What is the most popular summer-blooming tree in Louisiana? Crape myrtles. Pretty easy question. Many crape myrtles are planted in our landscapes every year. The lovely, long-lasting blooms make them attractive. Most years, crape myrtles start blooming between mid-May and early June. Flowering continues for 80-100 days depending on the variety you have planted.
You will sometimes see crape myrtles not blooming well. Why? you might ask. There are several reasons. Here are some ideas to consider.
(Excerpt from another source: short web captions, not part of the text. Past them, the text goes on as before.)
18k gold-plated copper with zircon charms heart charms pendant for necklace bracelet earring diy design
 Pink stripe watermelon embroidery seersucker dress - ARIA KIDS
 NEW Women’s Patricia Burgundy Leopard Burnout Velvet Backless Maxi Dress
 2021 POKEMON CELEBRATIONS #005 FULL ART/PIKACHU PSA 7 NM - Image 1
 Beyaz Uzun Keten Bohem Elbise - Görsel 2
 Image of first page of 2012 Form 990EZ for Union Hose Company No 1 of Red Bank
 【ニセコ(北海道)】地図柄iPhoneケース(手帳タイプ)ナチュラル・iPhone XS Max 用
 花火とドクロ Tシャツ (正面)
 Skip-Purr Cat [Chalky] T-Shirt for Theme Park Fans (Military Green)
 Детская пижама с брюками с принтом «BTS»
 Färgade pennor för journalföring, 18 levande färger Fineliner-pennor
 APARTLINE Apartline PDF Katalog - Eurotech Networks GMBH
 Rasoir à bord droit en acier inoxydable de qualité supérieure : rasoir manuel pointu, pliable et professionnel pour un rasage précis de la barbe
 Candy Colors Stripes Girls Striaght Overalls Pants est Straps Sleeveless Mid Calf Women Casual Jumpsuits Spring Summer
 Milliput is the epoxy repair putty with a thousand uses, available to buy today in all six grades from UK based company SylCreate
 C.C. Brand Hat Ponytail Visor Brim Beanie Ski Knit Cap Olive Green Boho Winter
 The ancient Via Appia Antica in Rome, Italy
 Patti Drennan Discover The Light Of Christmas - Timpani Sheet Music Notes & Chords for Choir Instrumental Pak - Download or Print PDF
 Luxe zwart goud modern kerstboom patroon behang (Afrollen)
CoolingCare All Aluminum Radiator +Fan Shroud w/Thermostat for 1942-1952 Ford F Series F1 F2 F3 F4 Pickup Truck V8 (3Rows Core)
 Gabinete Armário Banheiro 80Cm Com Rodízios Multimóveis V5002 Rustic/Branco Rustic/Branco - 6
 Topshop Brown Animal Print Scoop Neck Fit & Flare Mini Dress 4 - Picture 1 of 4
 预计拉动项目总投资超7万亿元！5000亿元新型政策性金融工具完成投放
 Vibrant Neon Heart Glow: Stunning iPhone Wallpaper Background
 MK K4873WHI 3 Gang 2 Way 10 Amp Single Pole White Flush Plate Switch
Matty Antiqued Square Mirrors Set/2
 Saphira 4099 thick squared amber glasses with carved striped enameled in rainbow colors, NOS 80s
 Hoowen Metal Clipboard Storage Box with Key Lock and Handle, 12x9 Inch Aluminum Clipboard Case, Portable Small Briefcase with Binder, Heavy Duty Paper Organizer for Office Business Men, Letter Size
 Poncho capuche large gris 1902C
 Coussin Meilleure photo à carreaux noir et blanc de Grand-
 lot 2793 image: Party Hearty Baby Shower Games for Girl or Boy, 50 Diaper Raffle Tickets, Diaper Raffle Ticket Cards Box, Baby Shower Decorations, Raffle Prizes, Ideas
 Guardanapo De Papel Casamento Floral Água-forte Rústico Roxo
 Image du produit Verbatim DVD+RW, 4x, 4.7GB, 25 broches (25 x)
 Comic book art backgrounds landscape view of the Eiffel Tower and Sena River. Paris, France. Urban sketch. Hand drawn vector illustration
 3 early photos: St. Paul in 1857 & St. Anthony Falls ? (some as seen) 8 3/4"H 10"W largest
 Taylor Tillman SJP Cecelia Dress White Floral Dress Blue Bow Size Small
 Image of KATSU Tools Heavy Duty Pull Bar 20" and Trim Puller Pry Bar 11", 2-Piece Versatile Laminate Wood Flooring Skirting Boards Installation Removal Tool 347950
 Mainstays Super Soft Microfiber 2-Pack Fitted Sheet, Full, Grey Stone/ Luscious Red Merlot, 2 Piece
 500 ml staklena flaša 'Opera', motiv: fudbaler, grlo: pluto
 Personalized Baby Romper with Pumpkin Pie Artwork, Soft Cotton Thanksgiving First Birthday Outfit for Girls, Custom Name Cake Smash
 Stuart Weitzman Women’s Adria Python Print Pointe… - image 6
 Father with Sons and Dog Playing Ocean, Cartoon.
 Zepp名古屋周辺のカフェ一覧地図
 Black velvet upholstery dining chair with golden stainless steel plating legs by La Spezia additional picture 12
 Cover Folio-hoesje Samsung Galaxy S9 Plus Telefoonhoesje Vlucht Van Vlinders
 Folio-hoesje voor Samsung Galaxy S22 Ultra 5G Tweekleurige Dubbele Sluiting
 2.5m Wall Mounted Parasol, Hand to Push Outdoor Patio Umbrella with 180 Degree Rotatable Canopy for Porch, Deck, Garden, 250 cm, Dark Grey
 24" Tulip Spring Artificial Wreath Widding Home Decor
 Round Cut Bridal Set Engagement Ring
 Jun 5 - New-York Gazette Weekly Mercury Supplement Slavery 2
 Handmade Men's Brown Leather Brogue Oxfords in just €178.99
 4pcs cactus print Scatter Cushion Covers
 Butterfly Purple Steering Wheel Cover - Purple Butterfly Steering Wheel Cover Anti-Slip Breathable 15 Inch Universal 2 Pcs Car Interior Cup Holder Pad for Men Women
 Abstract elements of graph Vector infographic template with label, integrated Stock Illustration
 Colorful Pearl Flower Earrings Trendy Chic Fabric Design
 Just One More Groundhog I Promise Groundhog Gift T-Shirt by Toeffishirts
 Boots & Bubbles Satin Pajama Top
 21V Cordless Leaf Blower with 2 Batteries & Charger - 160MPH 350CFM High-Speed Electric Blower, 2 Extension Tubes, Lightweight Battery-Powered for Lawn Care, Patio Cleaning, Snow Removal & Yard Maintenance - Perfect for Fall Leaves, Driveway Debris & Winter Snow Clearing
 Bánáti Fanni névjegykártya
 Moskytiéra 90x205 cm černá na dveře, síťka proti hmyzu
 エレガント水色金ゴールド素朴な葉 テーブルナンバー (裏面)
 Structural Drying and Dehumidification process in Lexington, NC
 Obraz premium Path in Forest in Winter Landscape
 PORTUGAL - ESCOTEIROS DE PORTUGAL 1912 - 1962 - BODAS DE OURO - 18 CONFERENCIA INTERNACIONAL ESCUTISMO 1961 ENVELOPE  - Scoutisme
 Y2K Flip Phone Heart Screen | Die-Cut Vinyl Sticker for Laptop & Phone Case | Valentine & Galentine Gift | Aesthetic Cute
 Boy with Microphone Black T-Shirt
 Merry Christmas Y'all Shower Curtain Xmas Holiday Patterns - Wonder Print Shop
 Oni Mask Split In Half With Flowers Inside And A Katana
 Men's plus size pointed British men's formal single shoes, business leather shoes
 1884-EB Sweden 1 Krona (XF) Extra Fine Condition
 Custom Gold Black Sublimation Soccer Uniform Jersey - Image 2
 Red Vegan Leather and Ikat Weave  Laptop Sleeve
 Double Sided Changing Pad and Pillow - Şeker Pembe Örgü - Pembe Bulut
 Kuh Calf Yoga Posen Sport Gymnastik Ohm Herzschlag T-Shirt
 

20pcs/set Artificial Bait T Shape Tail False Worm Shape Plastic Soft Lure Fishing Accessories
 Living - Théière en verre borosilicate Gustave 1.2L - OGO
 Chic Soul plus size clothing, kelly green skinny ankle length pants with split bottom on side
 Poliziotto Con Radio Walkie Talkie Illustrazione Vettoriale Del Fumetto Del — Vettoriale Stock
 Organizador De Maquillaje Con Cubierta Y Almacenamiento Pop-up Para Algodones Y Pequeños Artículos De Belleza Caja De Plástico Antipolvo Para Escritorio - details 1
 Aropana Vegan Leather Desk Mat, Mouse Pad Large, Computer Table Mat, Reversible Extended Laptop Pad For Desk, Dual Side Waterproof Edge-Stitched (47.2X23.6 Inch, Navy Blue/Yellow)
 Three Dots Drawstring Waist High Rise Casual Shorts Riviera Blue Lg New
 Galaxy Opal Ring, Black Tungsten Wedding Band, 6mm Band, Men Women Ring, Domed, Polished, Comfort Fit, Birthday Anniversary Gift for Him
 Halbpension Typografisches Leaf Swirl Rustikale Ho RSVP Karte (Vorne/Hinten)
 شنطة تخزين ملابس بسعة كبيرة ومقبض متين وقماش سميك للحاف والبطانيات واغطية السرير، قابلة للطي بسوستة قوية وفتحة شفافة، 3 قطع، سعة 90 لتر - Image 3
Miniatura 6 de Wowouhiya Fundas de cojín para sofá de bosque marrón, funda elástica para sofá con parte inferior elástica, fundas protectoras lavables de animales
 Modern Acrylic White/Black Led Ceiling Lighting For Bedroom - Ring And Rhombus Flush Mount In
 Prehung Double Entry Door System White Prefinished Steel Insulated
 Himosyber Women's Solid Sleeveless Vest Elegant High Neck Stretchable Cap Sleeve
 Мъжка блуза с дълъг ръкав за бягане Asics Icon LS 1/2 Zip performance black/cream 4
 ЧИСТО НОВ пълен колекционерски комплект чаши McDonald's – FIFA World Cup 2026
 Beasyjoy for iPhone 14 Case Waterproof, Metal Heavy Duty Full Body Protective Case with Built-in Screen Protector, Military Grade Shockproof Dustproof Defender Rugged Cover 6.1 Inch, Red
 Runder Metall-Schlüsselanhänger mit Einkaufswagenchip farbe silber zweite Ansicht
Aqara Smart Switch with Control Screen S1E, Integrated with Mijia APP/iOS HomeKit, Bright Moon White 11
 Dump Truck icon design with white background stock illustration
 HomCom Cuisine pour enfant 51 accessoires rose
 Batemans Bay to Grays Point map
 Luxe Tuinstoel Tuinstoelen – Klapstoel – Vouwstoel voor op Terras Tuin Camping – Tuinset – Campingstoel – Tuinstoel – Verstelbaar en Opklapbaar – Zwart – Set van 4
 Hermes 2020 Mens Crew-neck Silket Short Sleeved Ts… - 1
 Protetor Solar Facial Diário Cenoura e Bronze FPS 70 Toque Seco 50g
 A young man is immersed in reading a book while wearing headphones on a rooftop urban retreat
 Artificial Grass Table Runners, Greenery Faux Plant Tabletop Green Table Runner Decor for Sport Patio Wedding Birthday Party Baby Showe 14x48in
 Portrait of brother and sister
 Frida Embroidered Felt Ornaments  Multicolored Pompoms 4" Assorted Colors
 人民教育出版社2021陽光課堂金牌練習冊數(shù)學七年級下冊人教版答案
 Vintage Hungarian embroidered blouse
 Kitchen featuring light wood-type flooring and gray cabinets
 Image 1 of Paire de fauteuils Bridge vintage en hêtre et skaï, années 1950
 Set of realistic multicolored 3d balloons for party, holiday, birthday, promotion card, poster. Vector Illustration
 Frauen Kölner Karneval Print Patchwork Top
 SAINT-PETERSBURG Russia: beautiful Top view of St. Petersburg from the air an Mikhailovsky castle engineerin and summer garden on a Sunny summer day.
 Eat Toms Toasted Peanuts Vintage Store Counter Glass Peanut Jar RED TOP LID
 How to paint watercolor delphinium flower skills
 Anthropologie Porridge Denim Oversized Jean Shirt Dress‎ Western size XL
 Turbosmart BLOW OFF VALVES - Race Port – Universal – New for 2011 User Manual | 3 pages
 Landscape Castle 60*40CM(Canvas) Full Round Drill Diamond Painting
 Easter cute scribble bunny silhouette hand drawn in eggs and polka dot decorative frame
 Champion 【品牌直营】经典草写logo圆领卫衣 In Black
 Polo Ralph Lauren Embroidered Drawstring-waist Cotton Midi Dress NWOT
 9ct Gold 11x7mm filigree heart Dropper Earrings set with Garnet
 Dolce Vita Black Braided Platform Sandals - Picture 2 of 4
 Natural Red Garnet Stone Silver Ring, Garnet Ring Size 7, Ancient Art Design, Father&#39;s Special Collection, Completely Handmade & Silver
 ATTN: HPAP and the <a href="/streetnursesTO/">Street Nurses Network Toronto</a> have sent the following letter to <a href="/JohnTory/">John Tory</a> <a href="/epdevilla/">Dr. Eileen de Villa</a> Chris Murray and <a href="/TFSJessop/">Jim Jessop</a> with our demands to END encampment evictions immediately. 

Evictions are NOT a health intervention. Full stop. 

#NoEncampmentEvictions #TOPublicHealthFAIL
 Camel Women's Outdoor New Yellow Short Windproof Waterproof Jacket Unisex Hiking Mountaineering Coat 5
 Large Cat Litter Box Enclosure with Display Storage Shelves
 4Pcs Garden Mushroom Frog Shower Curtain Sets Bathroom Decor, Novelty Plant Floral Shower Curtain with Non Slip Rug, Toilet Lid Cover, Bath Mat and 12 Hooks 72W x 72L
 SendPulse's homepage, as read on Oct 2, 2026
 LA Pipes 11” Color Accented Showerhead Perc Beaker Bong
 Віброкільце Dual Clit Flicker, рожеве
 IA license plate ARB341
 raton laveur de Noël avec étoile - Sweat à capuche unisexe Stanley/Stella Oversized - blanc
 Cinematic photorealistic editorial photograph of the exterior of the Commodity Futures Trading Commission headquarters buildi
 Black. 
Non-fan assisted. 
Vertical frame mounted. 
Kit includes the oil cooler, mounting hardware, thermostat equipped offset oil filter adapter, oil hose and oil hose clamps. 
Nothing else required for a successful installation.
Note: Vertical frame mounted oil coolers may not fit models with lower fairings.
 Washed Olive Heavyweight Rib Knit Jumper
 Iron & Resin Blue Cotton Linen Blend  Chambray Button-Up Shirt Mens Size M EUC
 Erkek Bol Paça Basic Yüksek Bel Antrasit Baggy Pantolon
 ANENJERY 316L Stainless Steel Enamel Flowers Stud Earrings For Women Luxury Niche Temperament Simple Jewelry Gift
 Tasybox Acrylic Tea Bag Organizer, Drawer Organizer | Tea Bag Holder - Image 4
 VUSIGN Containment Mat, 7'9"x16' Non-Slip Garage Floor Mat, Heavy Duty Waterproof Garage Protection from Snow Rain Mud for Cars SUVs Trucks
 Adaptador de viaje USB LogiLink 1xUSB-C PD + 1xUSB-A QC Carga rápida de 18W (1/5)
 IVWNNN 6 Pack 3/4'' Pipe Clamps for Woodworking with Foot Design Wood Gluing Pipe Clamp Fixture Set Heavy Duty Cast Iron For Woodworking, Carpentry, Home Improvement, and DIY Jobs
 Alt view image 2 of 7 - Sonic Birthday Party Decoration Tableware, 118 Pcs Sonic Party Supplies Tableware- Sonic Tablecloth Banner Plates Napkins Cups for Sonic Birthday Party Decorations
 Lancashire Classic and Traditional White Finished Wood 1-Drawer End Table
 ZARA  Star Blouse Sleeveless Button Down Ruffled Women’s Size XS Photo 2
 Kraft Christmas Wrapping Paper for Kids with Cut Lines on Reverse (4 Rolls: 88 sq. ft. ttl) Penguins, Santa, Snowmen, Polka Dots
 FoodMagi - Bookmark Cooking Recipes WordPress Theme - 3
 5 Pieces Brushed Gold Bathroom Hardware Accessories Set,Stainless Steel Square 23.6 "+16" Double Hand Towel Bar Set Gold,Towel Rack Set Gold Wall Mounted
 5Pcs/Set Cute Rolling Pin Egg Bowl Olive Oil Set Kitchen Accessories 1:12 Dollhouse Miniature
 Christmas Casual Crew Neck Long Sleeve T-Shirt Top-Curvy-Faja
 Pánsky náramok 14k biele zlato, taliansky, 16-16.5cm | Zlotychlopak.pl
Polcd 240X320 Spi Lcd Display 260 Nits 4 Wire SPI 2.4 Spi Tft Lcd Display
- How much new growth did your crape myrtles have this spring? Crape myrtles need to have new growth each spring. If your crape myrtles did not produce much new spring growth, they will not have many summer flowers. Crape myrtles make flowers on the current season’s growth, so late winter/early spring fertilization can aid crape myrtle flowering in the summer. It is not too late to fertilize this year if you did not do so earlier.
- Shade issues. Crape myrtles require 8 hours of direct sun daily to bloom well. Many times crape myrtles are planted in areas that receive 4-6 hours of direct sun or less – this is not enough for adequate bloom development.
- Variety. Some varieties don’t flower as vigorously as others. The hybrid crape myrtles usually flower first. Natchez, Tuscarora, Basham’s Party Pink and Muskogee are the earliest-flowering varieties. Semi-dwarf varieties (Tonto, Acoma, Sioux) follow a week or two later.
- Insects. Heavy infestation of aphids decreases flowering. This is the most common insect problem on crape myrtles. Ever feel like you are being “rained” upon when you are under the canopy of a crape myrtle? That “rain” is actually bodily fluid being excreted by aphids. You can also have white flies and other insect issues on crape myrtles.
- Improper pruning. Drastic pruning or pruning after new growth in the spring can delay summer flowering. Drastic pruning may promote excessive growth and less flowering. Sometimes conducting the “crape murder” method of pruning on crape myrtles can initiate too much vegetative growth at the expense of flowering.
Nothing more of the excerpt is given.